The first (legacy) post

Published October 02, 2023 Time to read 2 mins

After much effort, I finished creating a version of my blog compatible with legacy browsers from the late 1990s. That’s nearly a 30 year gap!

Completely new design, but with not many changes

The Legacy version makes a couple twists to the modern version of my blog, but the backend and content management API is pretty much identical to the modern version.

This allows me to copy any post from the modern site to the Legacy site, while making little to no modifications to the articles themselves.

Naturally, since my intention is to target older browsers, some of the modern technologies like video playback will not work, especially with how video playback is implemented in recent years without actually hosting your own and rely on Flash Player for that.

Notice

Notice

Windows 9x style notice boxes like this will be used for under construction or unsupported content that the modern version does.

Speaking of which, I still have yet to implement a music player using this plugin—it’s time to unearth this zombie technology. Hopefully, I will be able to do it with ActionScript 2 and Flash Player 7 so that it can work on Mac OS Classic.

As for the design of the site itself, I wanted to give it a mix of late 1990s to early 2000s look, but I feel like I borrowed too many pages from the Microsoft style handbook.

Maybe it’s because of using too much Verdana. I might add web fonts in the future, but I am very satisfied with the look of this site as it is right now. I especially like the icons and pixelated look some UI elements have.

Why did you do this!?

Barely anybody browses the web in old, outdated web browsers. And I highly doubt anyone with such an outdated equipment would be browsing my blog. So… Why did I waste a month of work doing this?

Well, I… I don’t know! I simply felt like doing it.

I guess you could say I wanted The Yonic Corner to have that distinguishing feature among other blogs?

Note to self: I need to create my winter sprites!

I also wanted to get a deeper understanding on the workings on pre-standards HTML and the quirks of old browsers, as well as the history that would bring the early 2000s to web technologies. But apart from that, I took it as an interesting challenge to refine my frontend skills.

This design has many things that define the web during this period: Marquees, table layouts, animated GIFs, repeated backgrounds, and using images to define complex and decorated UI elements. A truly nostalgic experience.

Will I even go deeper?

Probably not. I’m quite satisfied with how broad the support of operating systems is.
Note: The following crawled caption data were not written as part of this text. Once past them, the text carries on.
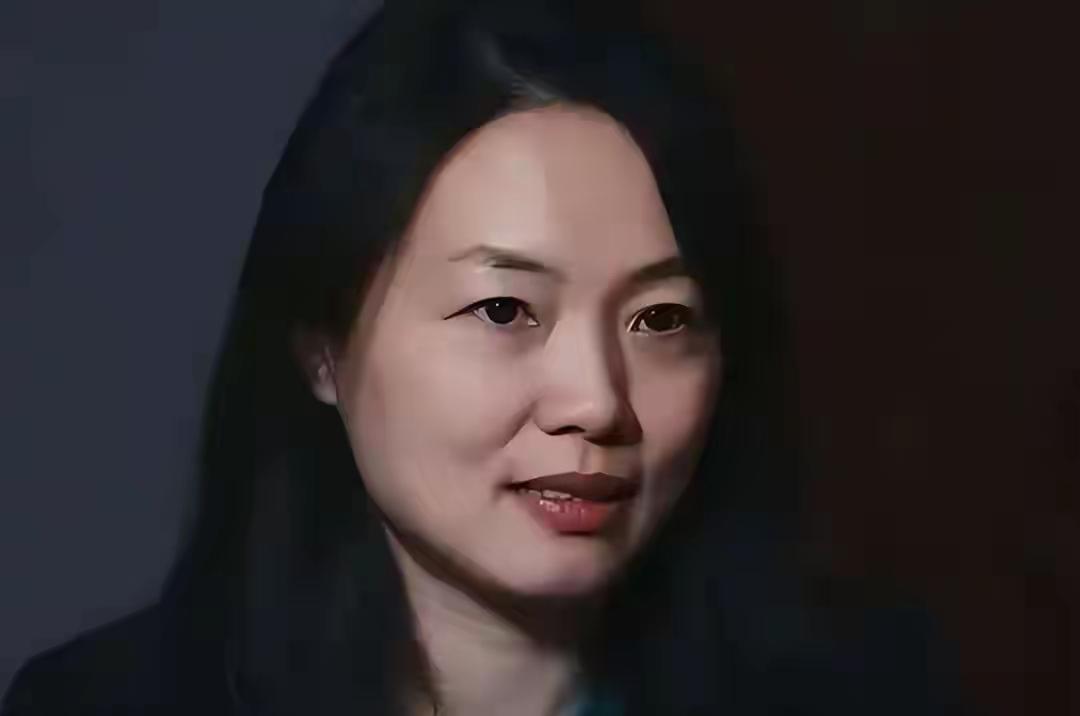 国外建筑论坛上，有人发帖问：她用猪圈改的咖啡厅，凭什么拿沃尔夫奖？底下吵了三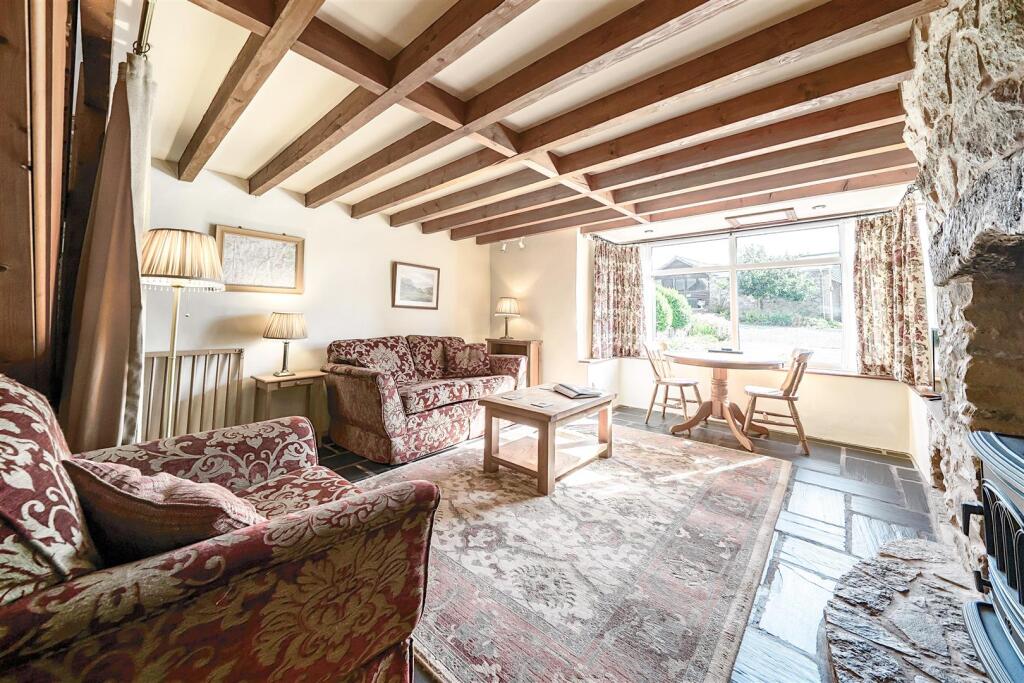 Curlew Cottage 3.jpg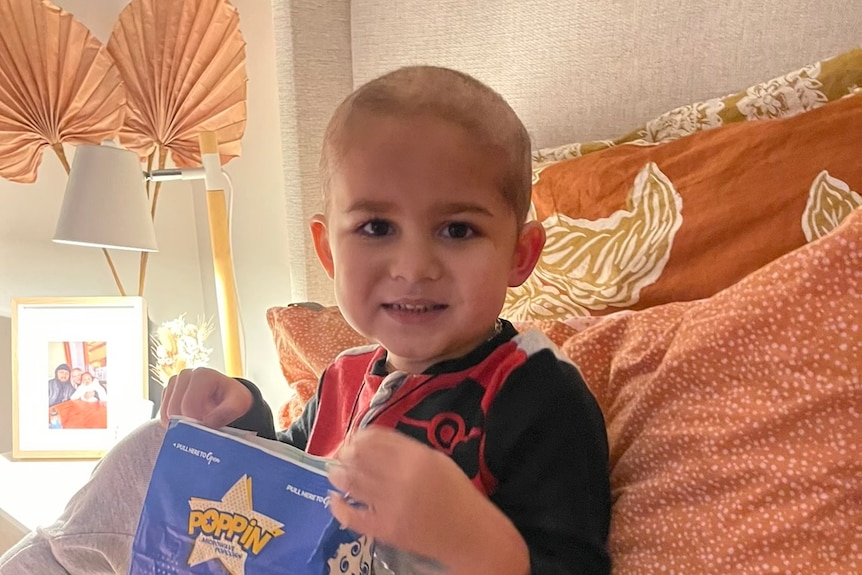 Four-year-old Kruz has been diagnosed with leukaemia, and needs a suitable bone marrow donor. 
  • Windows: it technically supports even Windows 3.x thanks to being designed to work for IE5 in mind, but I haven’t tested it out. Windows 9x and NT 4 work like a charm.
  • Mac OS Classic: I tested it out with several browsers while on System 9, but I think you should be able to have it working down to System 8.6 as well.
  • UNIX: I guess it could work with Internet Explorer for UNIX, but I’m not willing to test this out.